(Beginning of ENTRIES PROVIDED)
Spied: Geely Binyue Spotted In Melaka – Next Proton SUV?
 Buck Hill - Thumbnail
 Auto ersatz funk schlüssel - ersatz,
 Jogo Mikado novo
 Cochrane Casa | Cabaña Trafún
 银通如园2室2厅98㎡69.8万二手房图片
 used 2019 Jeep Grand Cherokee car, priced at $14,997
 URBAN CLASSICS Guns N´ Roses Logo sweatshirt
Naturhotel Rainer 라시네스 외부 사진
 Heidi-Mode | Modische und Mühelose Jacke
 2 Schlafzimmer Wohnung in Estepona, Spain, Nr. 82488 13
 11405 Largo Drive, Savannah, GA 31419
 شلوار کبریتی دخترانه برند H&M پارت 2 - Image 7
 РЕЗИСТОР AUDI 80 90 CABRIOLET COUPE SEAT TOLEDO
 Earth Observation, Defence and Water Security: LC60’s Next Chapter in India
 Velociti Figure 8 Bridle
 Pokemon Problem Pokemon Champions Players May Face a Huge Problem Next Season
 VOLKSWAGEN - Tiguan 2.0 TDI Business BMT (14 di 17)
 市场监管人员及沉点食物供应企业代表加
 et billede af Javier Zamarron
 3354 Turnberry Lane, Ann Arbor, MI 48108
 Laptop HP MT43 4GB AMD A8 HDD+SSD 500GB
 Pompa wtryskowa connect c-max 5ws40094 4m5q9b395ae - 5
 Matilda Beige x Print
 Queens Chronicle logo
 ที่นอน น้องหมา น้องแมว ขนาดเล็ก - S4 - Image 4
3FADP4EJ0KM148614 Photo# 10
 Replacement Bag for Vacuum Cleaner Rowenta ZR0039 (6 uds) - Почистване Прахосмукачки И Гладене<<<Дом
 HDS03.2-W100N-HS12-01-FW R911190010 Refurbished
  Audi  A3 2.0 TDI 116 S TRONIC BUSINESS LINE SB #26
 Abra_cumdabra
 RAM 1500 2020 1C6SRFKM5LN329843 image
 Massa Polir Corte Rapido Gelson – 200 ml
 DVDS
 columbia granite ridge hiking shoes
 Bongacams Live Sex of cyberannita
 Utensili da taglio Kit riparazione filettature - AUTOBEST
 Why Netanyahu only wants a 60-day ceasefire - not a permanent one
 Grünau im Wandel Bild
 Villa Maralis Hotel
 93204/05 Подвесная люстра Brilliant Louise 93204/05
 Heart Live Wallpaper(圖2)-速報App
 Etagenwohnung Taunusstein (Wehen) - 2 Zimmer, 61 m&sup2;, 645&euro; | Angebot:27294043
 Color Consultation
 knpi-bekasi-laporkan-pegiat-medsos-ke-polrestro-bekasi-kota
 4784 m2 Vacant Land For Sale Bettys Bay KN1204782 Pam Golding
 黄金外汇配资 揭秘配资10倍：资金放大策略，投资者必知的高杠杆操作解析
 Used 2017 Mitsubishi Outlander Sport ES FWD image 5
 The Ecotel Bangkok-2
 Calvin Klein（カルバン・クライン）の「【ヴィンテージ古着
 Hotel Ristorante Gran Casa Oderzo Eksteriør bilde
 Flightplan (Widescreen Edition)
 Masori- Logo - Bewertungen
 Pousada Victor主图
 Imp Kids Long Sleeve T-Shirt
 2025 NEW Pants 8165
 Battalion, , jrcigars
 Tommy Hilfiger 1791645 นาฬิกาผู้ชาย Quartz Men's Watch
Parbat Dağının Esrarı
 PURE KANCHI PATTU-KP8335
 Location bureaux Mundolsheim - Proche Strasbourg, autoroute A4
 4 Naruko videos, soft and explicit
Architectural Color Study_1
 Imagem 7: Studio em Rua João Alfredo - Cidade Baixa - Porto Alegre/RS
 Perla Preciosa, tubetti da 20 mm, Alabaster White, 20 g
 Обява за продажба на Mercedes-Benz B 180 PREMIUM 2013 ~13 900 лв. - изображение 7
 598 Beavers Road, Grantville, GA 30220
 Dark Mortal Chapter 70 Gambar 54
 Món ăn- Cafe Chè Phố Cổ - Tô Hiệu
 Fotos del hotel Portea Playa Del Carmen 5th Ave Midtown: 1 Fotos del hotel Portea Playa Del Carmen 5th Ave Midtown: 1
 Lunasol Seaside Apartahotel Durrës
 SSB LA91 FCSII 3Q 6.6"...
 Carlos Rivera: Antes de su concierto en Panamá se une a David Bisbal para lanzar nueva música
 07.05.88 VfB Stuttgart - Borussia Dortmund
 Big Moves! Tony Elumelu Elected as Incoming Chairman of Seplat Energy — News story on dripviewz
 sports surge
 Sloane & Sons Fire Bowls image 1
(End of ENTRIES PROVIDED)
→ TRY IT
Print out the whole listing, with every line exactly as it appears.

→ WRITTEN RESPONSE
Spied: Geely Binyue Spotted In Melaka – Next Proton SUV?
 Buck Hill - Thumbnail
 Auto ersatz funk schlüssel - ersatz,
 Jogo Mikado novo
 Cochrane Casa | Cabaña Trafún
 银通如园2室2厅98㎡69.8万二手房图片
 used 2019 Jeep Grand Cherokee car, priced at $14,997
 URBAN CLASSICS Guns N´ Roses Logo sweatshirt
Naturhotel Rainer 라시네스 외부 사진
 Heidi-Mode | Modische und Mühelose Jacke
 2 Schlafzimmer Wohnung in Estepona, Spain, Nr. 82488 13
 11405 Largo Drive, Savannah, GA 31419
 شلوار کبریتی دخترانه برند H&M پارت 2 - Image 7
 РЕЗИСТОР AUDI 80 90 CABRIOLET COUPE SEAT TOLEDO
 Earth Observation, Defence and Water Security: LC60’s Next Chapter in India
 Velociti Figure 8 Bridle
 Pokemon Problem Pokemon Champions Players May Face a Huge Problem Next Season
 VOLKSWAGEN - Tiguan 2.0 TDI Business BMT (14 di 17)
 市场监管人员及沉点食物供应企业代表加
 et billede af Javier Zamarron
 3354 Turnberry Lane, Ann Arbor, MI 48108
 Laptop HP MT43 4GB AMD A8 HDD+SSD 500GB
 Pompa wtryskowa connect c-max 5ws40094 4m5q9b395ae - 5
 Matilda Beige x Print
 Queens Chronicle logo
 ที่นอน น้องหมา น้องแมว ขนาดเล็ก - S4 - Image 4
3FADP4EJ0KM148614 Photo# 10
 Replacement Bag for Vacuum Cleaner Rowenta ZR0039 (6 uds) - Почистване Прахосмукачки И Гладене<<<Дом
 HDS03.2-W100N-HS12-01-FW R911190010 Refurbished
  Audi  A3 2.0 TDI 116 S TRONIC BUSINESS LINE SB #26
 Abra_cumdabra
 RAM 1500 2020 1C6SRFKM5LN329843 image
 Massa Polir Corte Rapido Gelson – 200 ml
 DVDS
 columbia granite ridge hiking shoes
 Bongacams Live Sex of cyberannita
 Utensili da taglio Kit riparazione filettature - AUTOBEST
 Why Netanyahu only wants a 60-day ceasefire - not a permanent one
 Grünau im Wandel Bild
 Villa Maralis Hotel
 93204/05 Подвесная люстра Brilliant Louise 93204/05
 Heart Live Wallpaper(圖2)-速報App
 Etagenwohnung Taunusstein (Wehen) - 2 Zimmer, 61 m&sup2;, 645&euro; | Angebot:27294043
 Color Consultation
 knpi-bekasi-laporkan-pegiat-medsos-ke-polrestro-bekasi-kota
 4784 m2 Vacant Land For Sale Bettys Bay KN1204782 Pam Golding
 黄金外汇配资 揭秘配资10倍：资金放大策略，投资者必知的高杠杆操作解析
 Used 2017 Mitsubishi Outlander Sport ES FWD image 5
 The Ecotel Bangkok-2
 Calvin Klein（カルバン・クライン）の「【ヴィンテージ古着
 Hotel Ristorante Gran Casa Oderzo Eksteriør bilde
 Flightplan (Widescreen Edition)
 Masori- Logo - Bewertungen
 Pousada Victor主图
 Imp Kids Long Sleeve T-Shirt
 2025 NEW Pants 8165
 Battalion, , jrcigars
 Tommy Hilfiger 1791645 นาฬิกาผู้ชาย Quartz Men's Watch
Parbat Dağının Esrarı
 PURE KANCHI PATTU-KP8335
 Location bureaux Mundolsheim - Proche Strasbourg, autoroute A4
 4 Naruko videos, soft and explicit
Architectural Color Study_1
 Imagem 7: Studio em Rua João Alfredo - Cidade Baixa - Porto Alegre/RS
 Perla Preciosa, tubetti da 20 mm, Alabaster White, 20 g
 Обява за продажба на Mercedes-Benz B 180 PREMIUM 2013 ~13 900 лв. - изображение 7
 598 Beavers Road, Grantville, GA 30220
 Dark Mortal Chapter 70 Gambar 54
 Món ăn- Cafe Chè Phố Cổ - Tô Hiệu
 Fotos del hotel Portea Playa Del Carmen 5th Ave Midtown: 1 Fotos del hotel Portea Playa Del Carmen 5th Ave Midtown: 1
 Lunasol Seaside Apartahotel Durrës
 SSB LA91 FCSII 3Q 6.6"...
 Carlos Rivera: Antes de su concierto en Panamá se une a David Bisbal para lanzar nueva música
 07.05.88 VfB Stuttgart - Borussia Dortmund
 Big Moves! Tony Elumelu Elected as Incoming Chairman of Seplat Energy — News story on dripviewz
 sports surge
 Sloane & Sons Fire Bowls image 1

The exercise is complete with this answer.